Прежде чем описывать различные практики в области интеграции, определимся с понятиями. "Интеграция – процесс, результатом которого является принятие мигранта местным социумом как на индивидуальном, так и на групповом уровне и подразумевает, что мигранты, сохраняя свою культурную идентичность, объединяются с принимающей средой в единое сообщество на некоем внеэтническом, значимом как для группы, так и для принимающей среды основании" [Мукомель, 2013, с. 695]. Использование этого термина в международной практике предполагает указание на разделенную сторонами (сами мигранты, правительства отправляющей и принимающей страны, общественные организации и население принимающей страны) ответственность за результат этого процесса [Communication, 2003].

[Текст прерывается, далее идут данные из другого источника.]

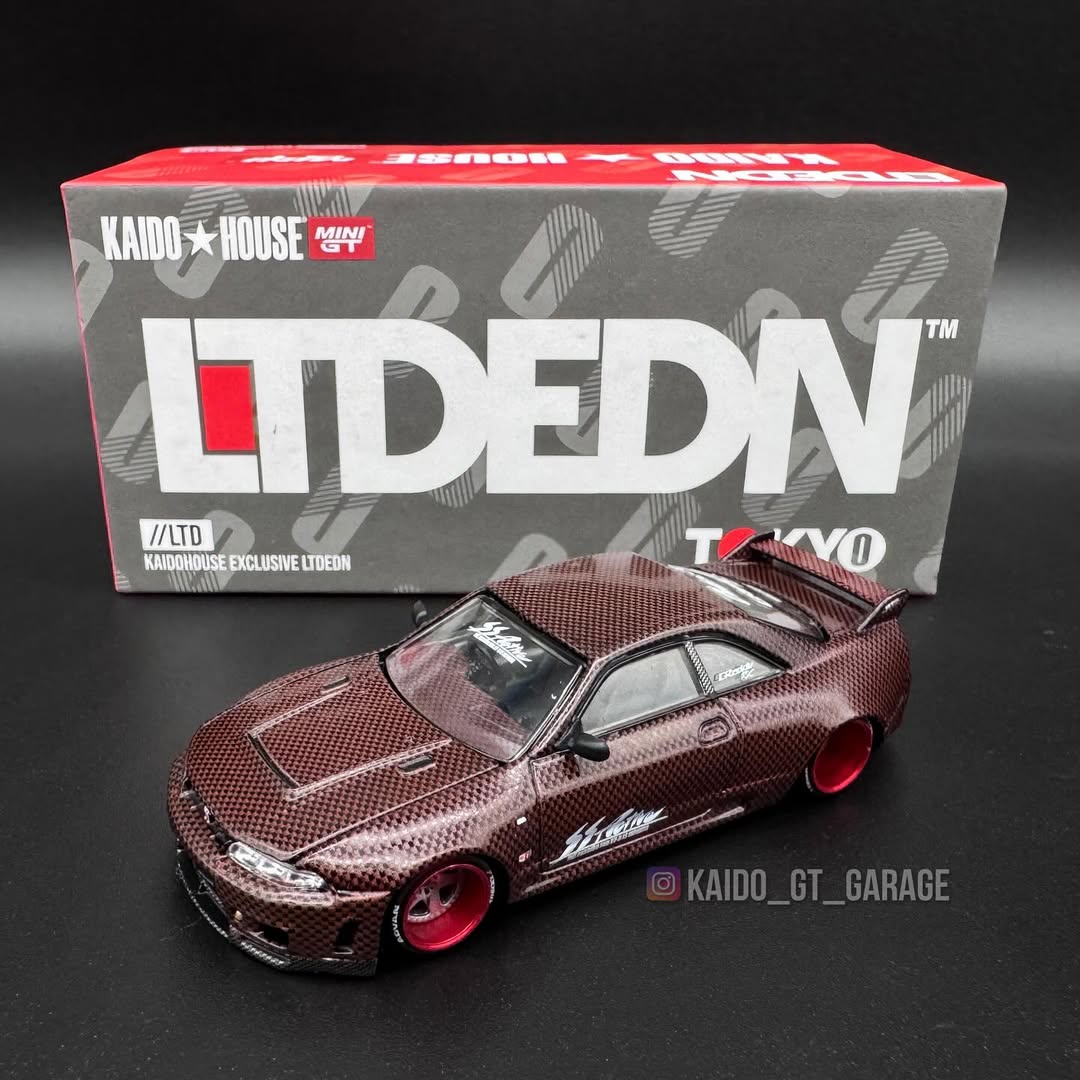 Mini GT KaidoHouse Nissan Skyline GT-R (R33) Active Carbon R V2 TAS 2025 Exclusive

Сознательное использование этой категории в российском контексте представляет собой, в определенном смысле, политический жест, в котором, с одной стороны, происходит отказ от объективизирующего взгляда на мигрантов (они оказываются одним из партнеров в сложной системе отношений, обладающим собственным голосом и ресурсами); с другой – снимается сугубо государствоцентричный (административный) взгляд на феномен.